One more reason to question Bible College training

In other blogs, I have argued against the usefulness of Bible Colleges for training the next generation of Christian workers. Here I focus on one additional argument against the practise: it creates minds that can't think simply.

The college trained mind
Whatever subject you train for in a college setting (with the exception perhaps of the excellent apprentice schemes for practical skills), your mind gets trained in a certain way; can't be helped.

You are encouarged to analyse, systematise, rationalise, and so on. The end product of university training on the mind, including the requirement to write essays and revise for exams is a mind that uses big words and complicated words and sentences, and often thinks conceptually.

Part of the reason for the college kind of reasoning, writing and speaking is that the people we are writing for, examined by and speak to at College have the same kinds of minds: mind reproduces mind.

Part of the reason for big words is that they are shorthand for what would be longer descriptions.

For example
So, if a College trained mind is talking about the wonderful truth that Jesus died in my place, he would refer to the "Penal Substitution of Christ."

The problem
The problem is not only that such a sentence sounds weird, it is also profoundly uninteresting and boring, because the wonderful death of Jesus Christ for me has been translated into  third party College-speak.
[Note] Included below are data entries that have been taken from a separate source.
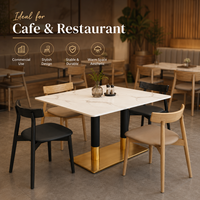 Ensemble de salle à manger, surface en pierre frittée blanche avec colonne à revêtement noir et doré, idéal pour les cafés, restaurants, zones alimentaires et salles de jeux modernes
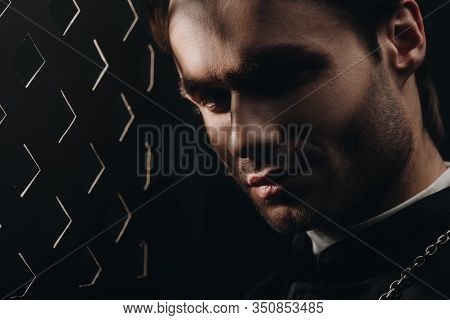 Portrait Of Young Tense Catholic Priest Looking At Camera Near Confessional Grille In Dark With Rays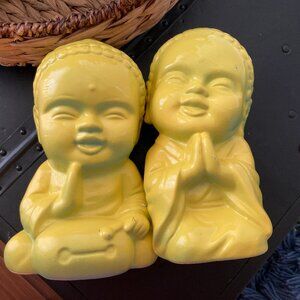 Two Yellow  Kneeling Ceramic Buddha Babies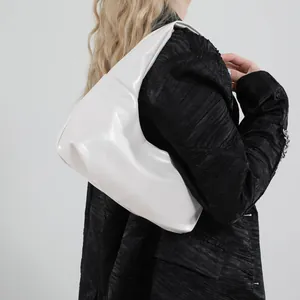 Glänzende weiße halbmondförmige Hobo-Tasche mit Nieten-Detail am Model im Studio-Stil
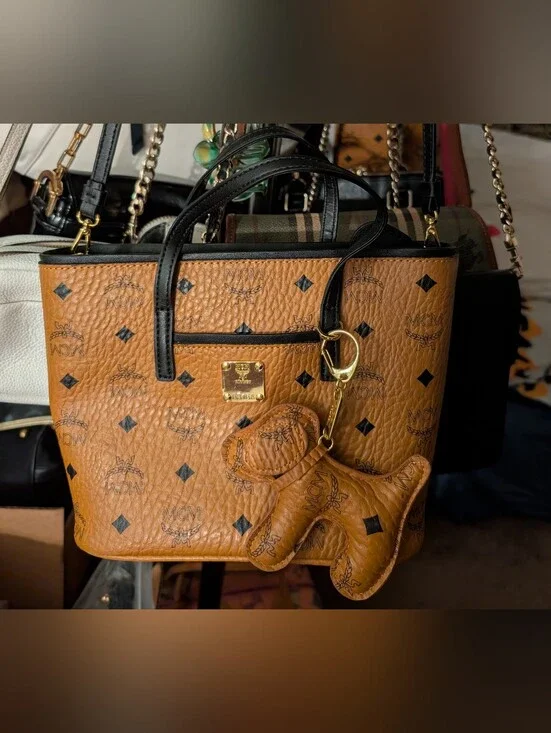 MCM Visetos Cognac Leather Mini Tote with Black Trim And Adorable Doggie Charm!
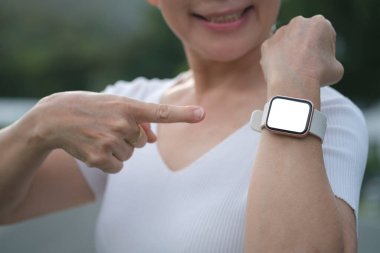 Gülümseyen orta yaşlı kadın akıllı saat sergisini işaret ediyor, sabah antrenmanından sonra yakılan kalorilerle gurur duyuyor. Fitness, sağlıklı yaşam tarzı konsepti. 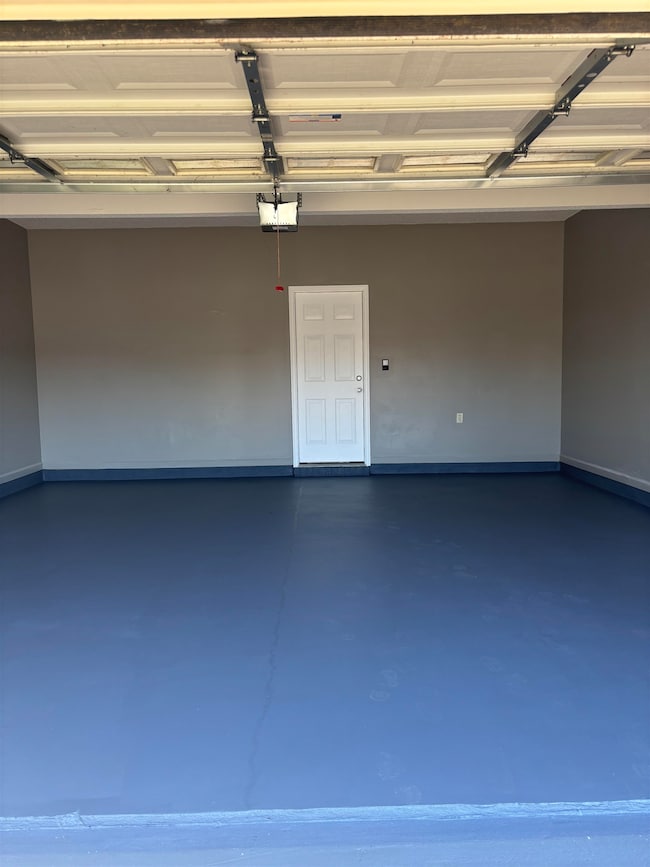 Garage with a garage door opener and baseboards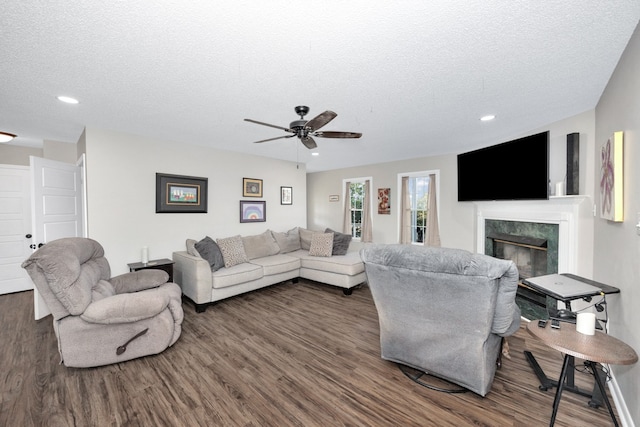 living room with dark hardwood / wood-style flooring, a textured ceiling, a high end fireplace, and ceiling fan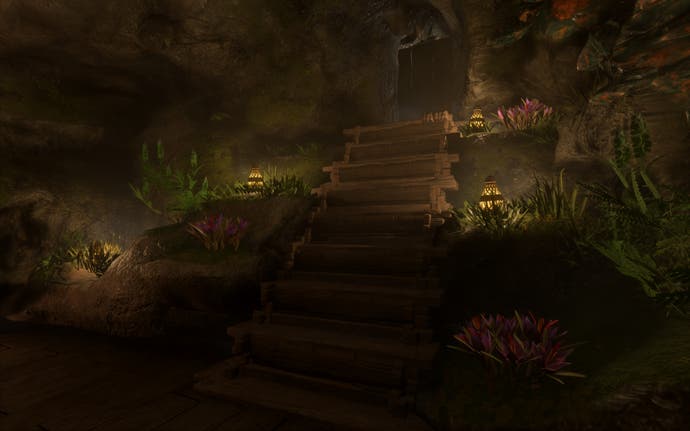 A wooden staircase leads down into an underground room. At the side of the staircase are tufts of grass and flowers, with firefly lamps placed on the floor to create a magical fairy theme.
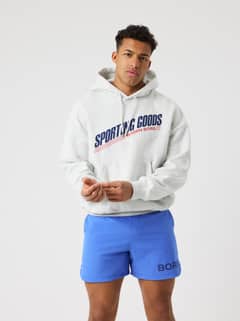 Front view of a man in the Borg Oversized Hoodie in Ultra Light Grey Melange (Grey) with a navy and red tennis graphic. - Image 10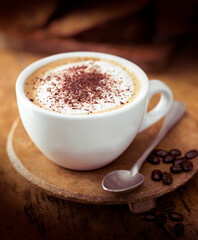 white cup with teaspoon on on wooden stand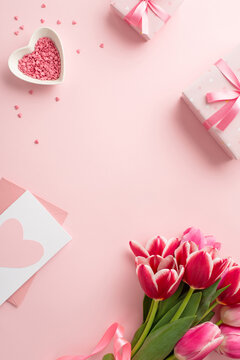 Mother's Day concept. Top view vertical photo of bouquet of tulips gift boxes envelope with postcard heart shaped saucer with sprinkles on isolated pastel pink background with copyspace in the middle
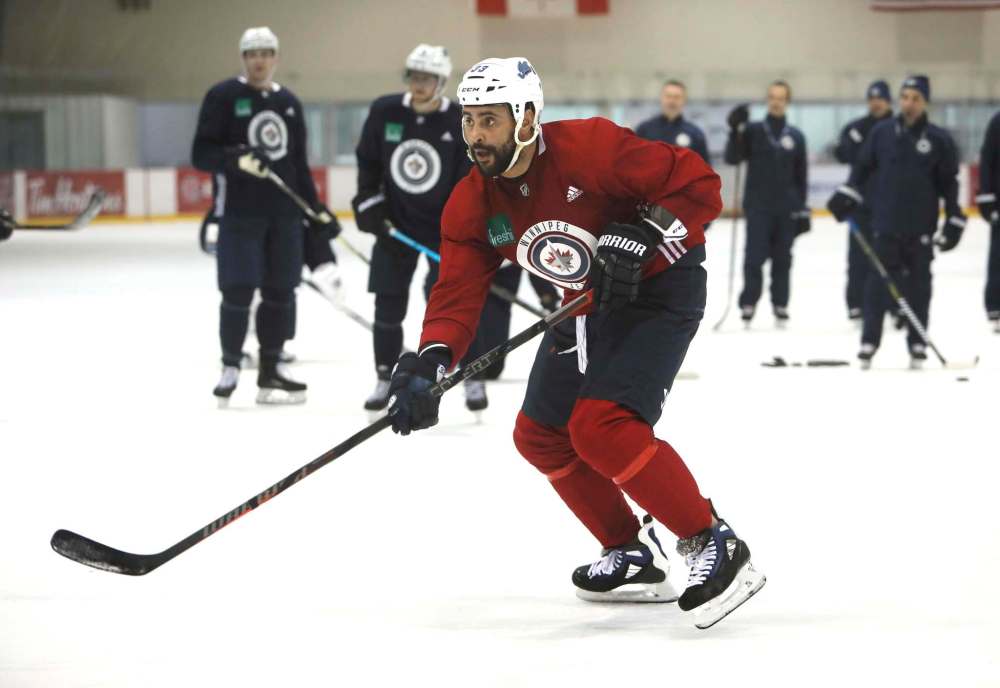 Dustin Byfuglien participated in a full practice with the Jets Monday at the IcePlex. (Ruth Bonneville / Winnipeg Free Press)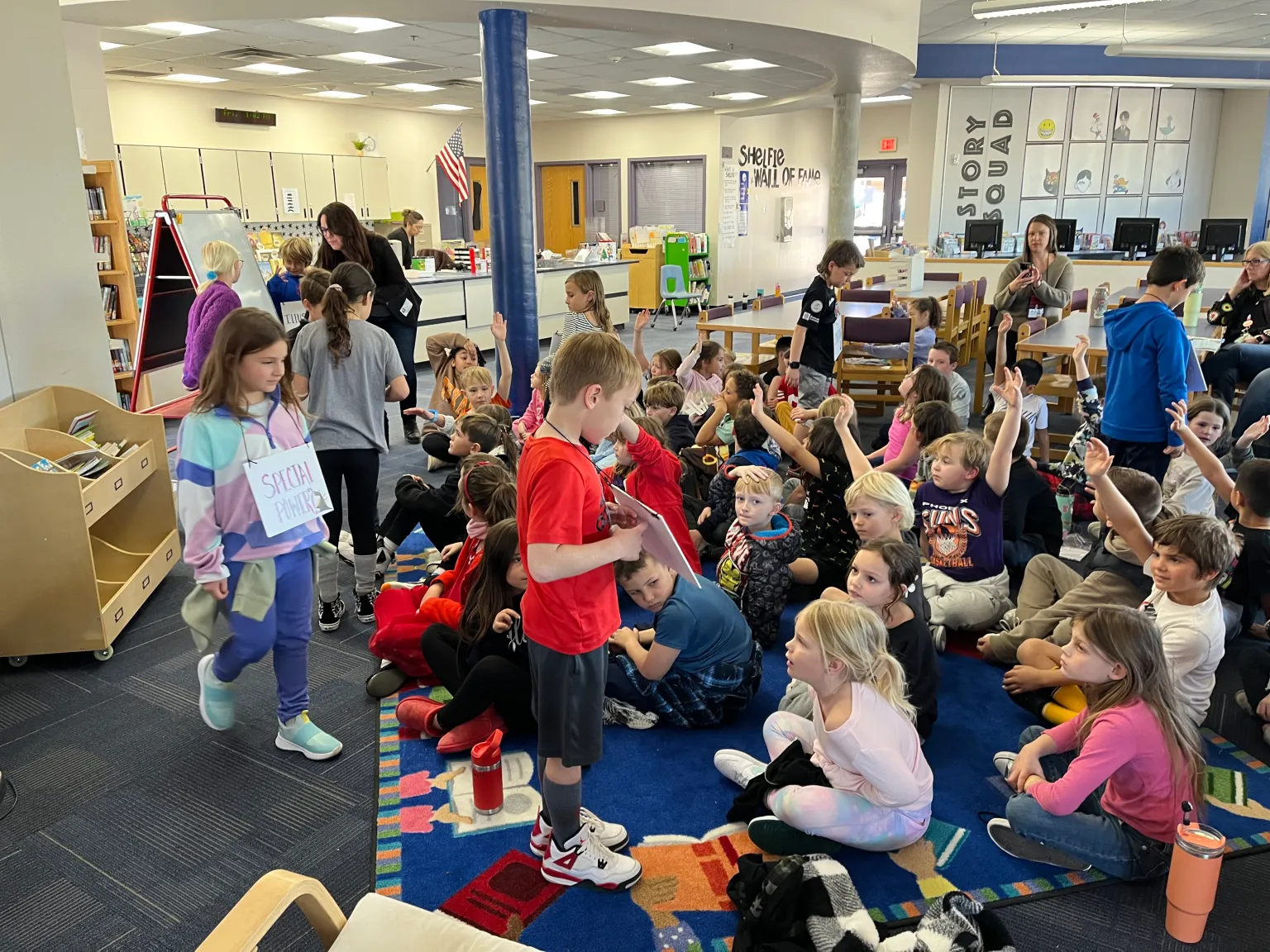 Jennifer Hayes presenting during a school author visit.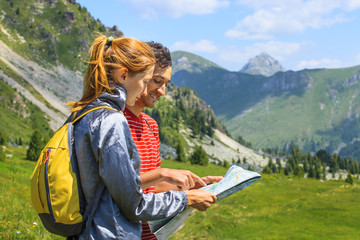 Young beautiful Couple planning the route and looking at the map in the mountains of Montenegro
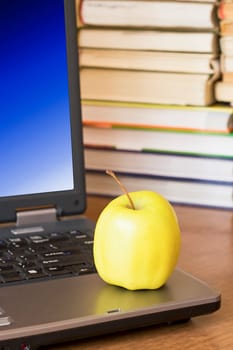 laptop with yellow apple on books background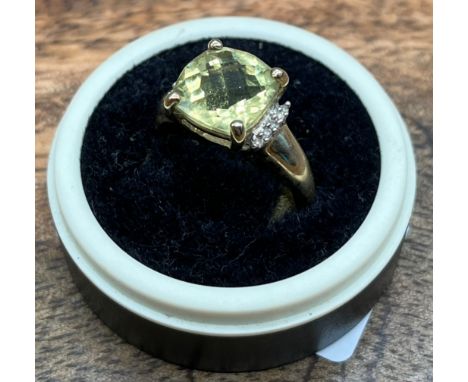 A Ladies 9ct yellow gold ring set with a large pale yellow stone off set by diamonds to each shoulder. [Ring size O] [3.06Gra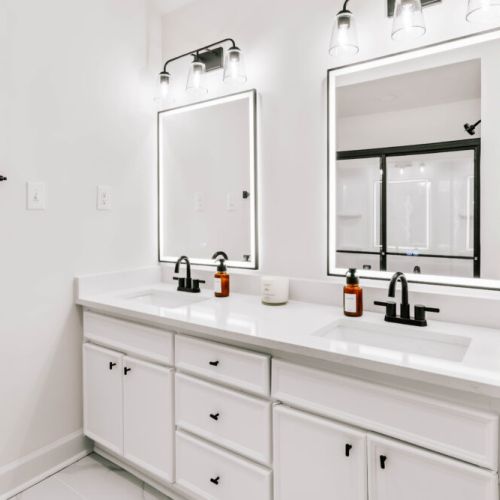 Crisp design meets everyday luxury—double sinks, glowing mirrors, and plenty of space to refresh.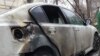The burned-out car of Esenghazy Quandyq in Almaty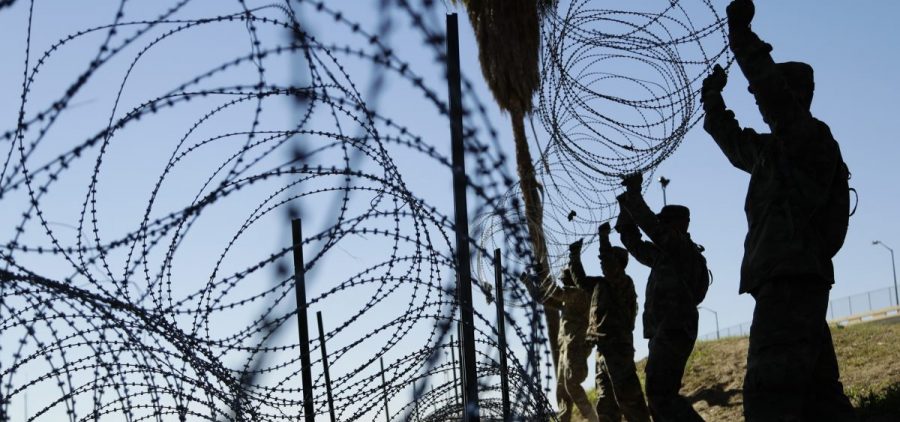 Members of the U.S. military install multiple tiers of concertina wire along the banks of the Rio Grande near the Juarez-Lincoln Bridge at the U.S.-Mexico border in Laredo, Texas, in November.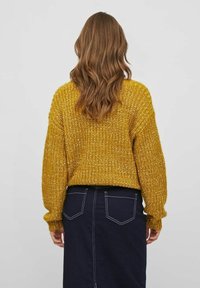 Senfgelbes Strickpullover in Übergröße mit langen Ärmeln und strukturiertem Muster. Kombiniert mit einem dunklen Denim-Rock.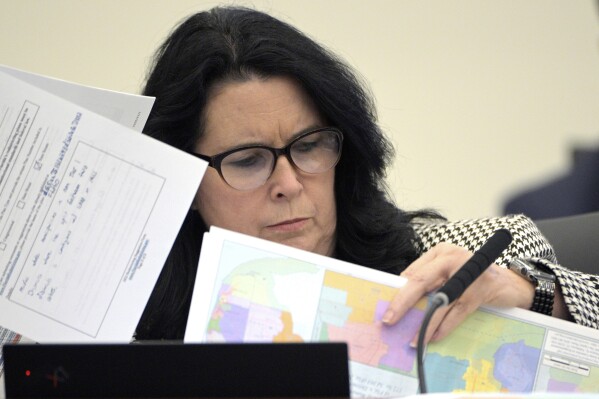 FILE - State Sen. Kelli Stargel looks through redistricting maps during a Senate Committee on Reapportionment hearing on Jan. 13, 2022, in Tallahassee, Fla. A Florida redistricting plan pushed by Gov. Ron DeSantis violates the state constitution and is prohibited from being used for any future U.S. congressional elections since it diminishes the ability of Black voters in north Florida to pick a representative of their choice, a state judge ruled Saturday, Sept. 2, 2023. (AP Photo/Phelan M. Ebenhack, File)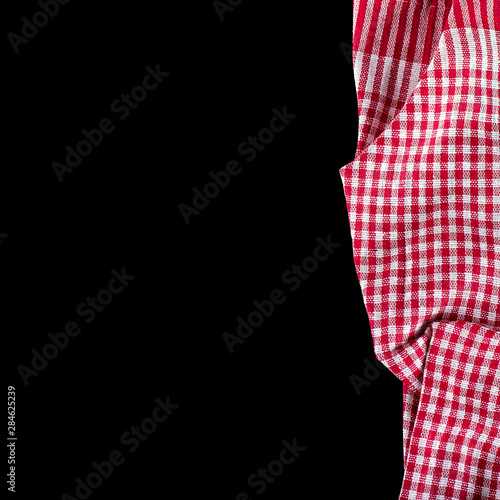 dark wood background and red checkered napkin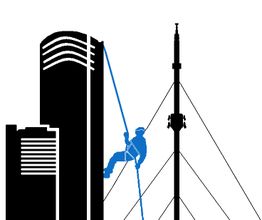 Ein Arbeiter seilt sich von einem Hochhaus ab, daneben ist ein Mast mit Seilen zu sehen.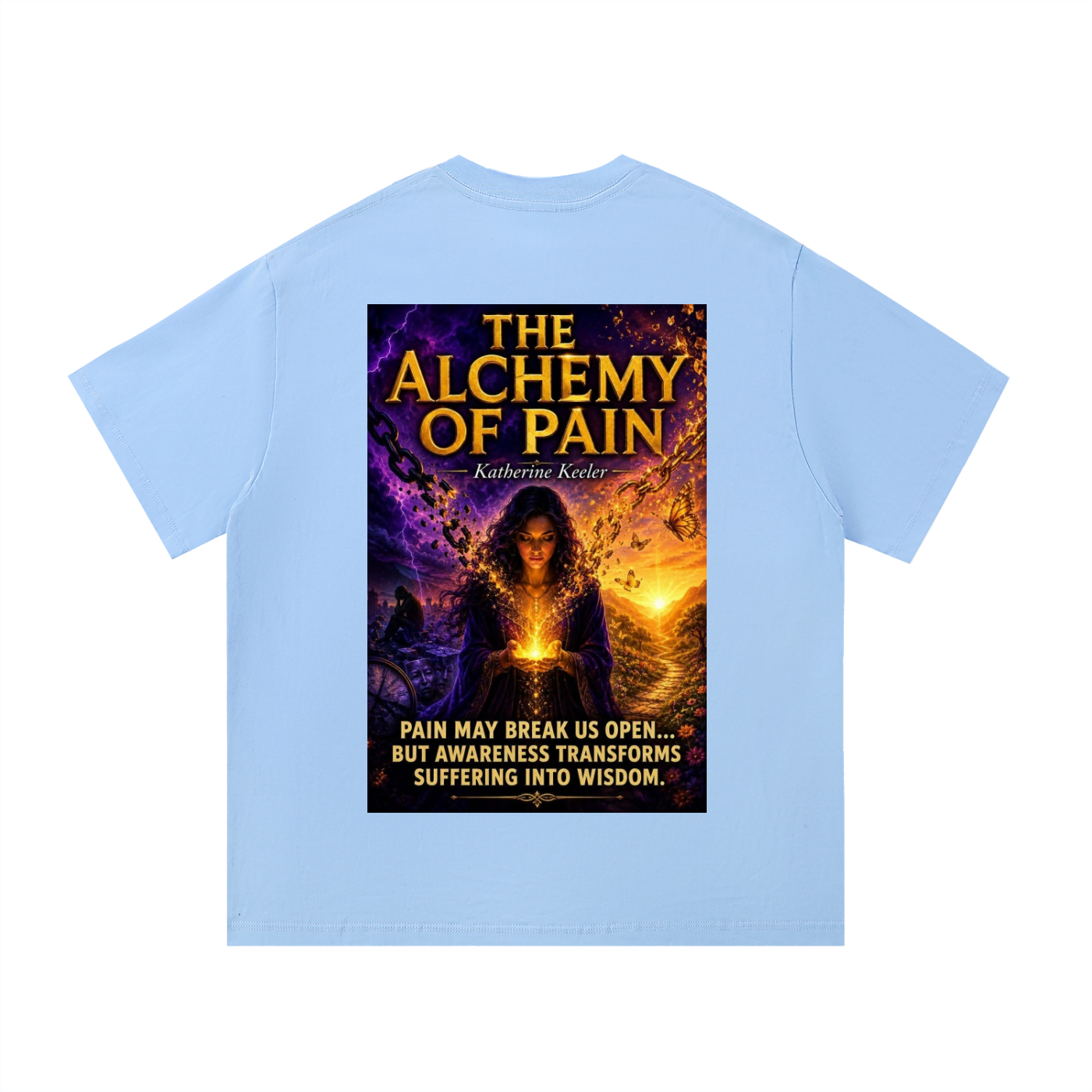 Light blue t-shirt with a graphic of 'The Alchemy of Pain' book cover on the back.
If I was a fisherman, I'd miss this chapter out because I wouldn't have a clue what it meant. What does Penal mean for a starter? I have never once used that word in any conversation in my whole life. And I have never read it in the Bible.

The problem is that the ordinary Christian - and that's most of us - either thinks they have to become College trained to grow as a believer, or ends up not growing at all because they are choked with unintelligible college-ese.

The problem is that these guys and gals come out of College producing not sermons but lectures that pass over the heads of most. Or their preaching week by week just filters out most of society, so they are preaching to people who understand, but not people who represent society. Perhaps a few of them unlearn everything they had learnt in college, and thus become useful again.

The tragedy with 'collegese' is that because it is respected,  it's kept alive by pastors. I have been in a pastors' fraternal where they give "papers"! What? They take turns giving "papers"? No, they don't write a newspaper and share it on powerpoint, they do what researchers at universities do - give each other papers - write a talk abouts a subject and read it out to each other, and then it is often published. Why can't pastors say, "I'm gonna talk to you guys next month about the book of Job / abortion / Hudson Taylor / whatever", why does it have to be "Next month, brother X will be giving a paper entitled "The uncontrollable mystery on the bestial floor" (serious, that was the title of a 'paper' in a Christian theological journal in the 1980s. Can you work out what it means? Five points.).

We must train the next generation of workers in ordinary language so that the Gospel is not veiled. And that means keeping them as far away as possible from College.

Should I go to Bible College?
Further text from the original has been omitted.